Rund um den Jahreswechsel werden gute Vorsätze zum Thema Nummer 1 und beschäftigen uns häufig auch in der Psychotherapie.
Am Ende des Jahres Bilanz zu ziehen ist ein Ritual, das Menschen schon seit Jahrhunderten pflegen. Wenn ein Jahr als Gradmesser unserer Lebenszeit endet und ein neues beginnt, tauchen Fragen der persönlichen Reflexion auf: Wie habe ich die verstrichene Zeit genutzt? Was ist mir widerfahren und wie habe ich es bewältigt? Wie passt das Erlebte in meinen Lebensplan? Wovon will ich mich trennen und was soll mich weiterhin begleiten? Was möchte ich ändern?
Diese Fragen bezogen auf unser Selbstbild führen häufig zu Veränderungsideen: Alte Angewohnheiten sollen verbessert und ungünstige Verhaltensweisen beendet werden. Im nächsten Schritt stellt sich nun die Frage: Was braucht es, um einen Vorsatz auch erfolgreich in die Tat umzusetzen?

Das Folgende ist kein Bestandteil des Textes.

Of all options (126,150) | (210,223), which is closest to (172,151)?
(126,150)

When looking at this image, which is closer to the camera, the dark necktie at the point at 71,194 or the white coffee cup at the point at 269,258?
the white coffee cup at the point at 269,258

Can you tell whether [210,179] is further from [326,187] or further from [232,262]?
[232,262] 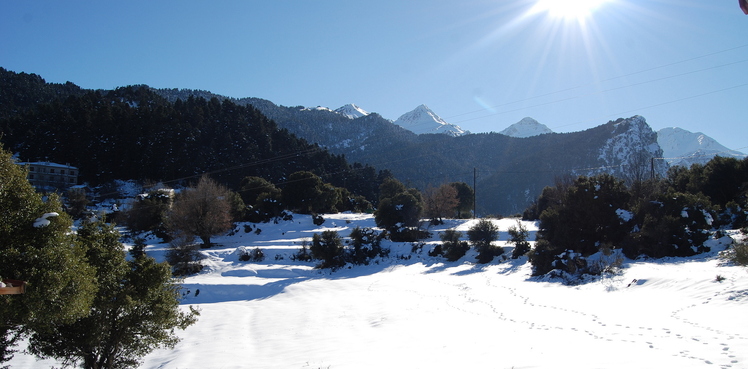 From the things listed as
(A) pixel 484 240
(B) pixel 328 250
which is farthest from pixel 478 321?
(B) pixel 328 250

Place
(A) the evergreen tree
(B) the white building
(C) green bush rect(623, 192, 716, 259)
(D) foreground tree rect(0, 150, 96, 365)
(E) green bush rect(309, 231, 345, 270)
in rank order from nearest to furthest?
1. (D) foreground tree rect(0, 150, 96, 365)
2. (C) green bush rect(623, 192, 716, 259)
3. (E) green bush rect(309, 231, 345, 270)
4. (A) the evergreen tree
5. (B) the white building

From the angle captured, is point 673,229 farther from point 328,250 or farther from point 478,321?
point 328,250

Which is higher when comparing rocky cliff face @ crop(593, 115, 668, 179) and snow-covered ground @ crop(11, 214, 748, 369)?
rocky cliff face @ crop(593, 115, 668, 179)

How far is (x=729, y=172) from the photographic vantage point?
26281mm

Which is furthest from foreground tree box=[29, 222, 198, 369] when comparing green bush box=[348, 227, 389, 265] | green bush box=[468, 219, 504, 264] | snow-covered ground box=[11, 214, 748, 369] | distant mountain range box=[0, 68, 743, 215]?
distant mountain range box=[0, 68, 743, 215]

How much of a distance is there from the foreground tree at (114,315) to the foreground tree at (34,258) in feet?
3.71

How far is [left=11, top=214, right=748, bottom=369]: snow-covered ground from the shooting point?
8.01 meters

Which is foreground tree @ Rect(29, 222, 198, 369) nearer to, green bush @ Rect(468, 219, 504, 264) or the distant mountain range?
green bush @ Rect(468, 219, 504, 264)

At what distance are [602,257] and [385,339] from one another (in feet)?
44.4

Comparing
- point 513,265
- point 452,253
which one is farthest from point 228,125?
point 513,265

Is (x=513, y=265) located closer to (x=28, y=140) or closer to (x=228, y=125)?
(x=228, y=125)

Dazu möchte ich gerne einige Anregungen aus vielen therapeutischen Gesprächen und Seminaren geben, die für Neujahrsvorsätze hilfreich sein können:
- Der Fokus auf ein genau definiertes Ziel:
„Ich möchte weniger Süßigkeiten essen“ oder „Ich möchte mehr Sport treiben“ sind schöne Vorsätze. Allerdings sind sie nicht gut messbar, denn: Wie stelle ich fest, ob „mehr“ oder „weniger“ im Rahmen meines Vorsatzes erreicht ist? Hier hilft es, das Ziel möglichst genau zu definieren: Was soll in welchem Ausmaß bis wann erreicht werden? Was ist realistisch? Und vor allem: Was motiviert mich so richtig? Wenn ich zu einem genau definierten, attraktiven Ziel aus vollem Herzen „ja!“ sagen kann, gelingt auch die Umsetzung!
- Die Energie folgt der Aufmerksamkeit - mit allen Sinnen arbeiten:
Mein Ziel male ich mir möglichst detailliert aus, um es zu stärken und in seiner Attraktivität zu verankern. Je mehr Sinne dabei verwendet werden, desto besser: So kann ich ein Zielbild auf Papier zeichnen oder aufschreiben, als Glaubenssatz vorsagen oder mit einer bestimmten Körperbewegung verbinden. Unterschiedliche Erinnerungshilfen helfen dabei: Das Post-It am Badezimmerspiegel, eine passende App, der tägliche Kalendereintrag oder eine Freundin, die regelmäßig als Unterstützerin nachfragt – je mehr Verstärker wir uns organisieren, desto besser wird das Ziel verankert und die Erreichung unterstützt.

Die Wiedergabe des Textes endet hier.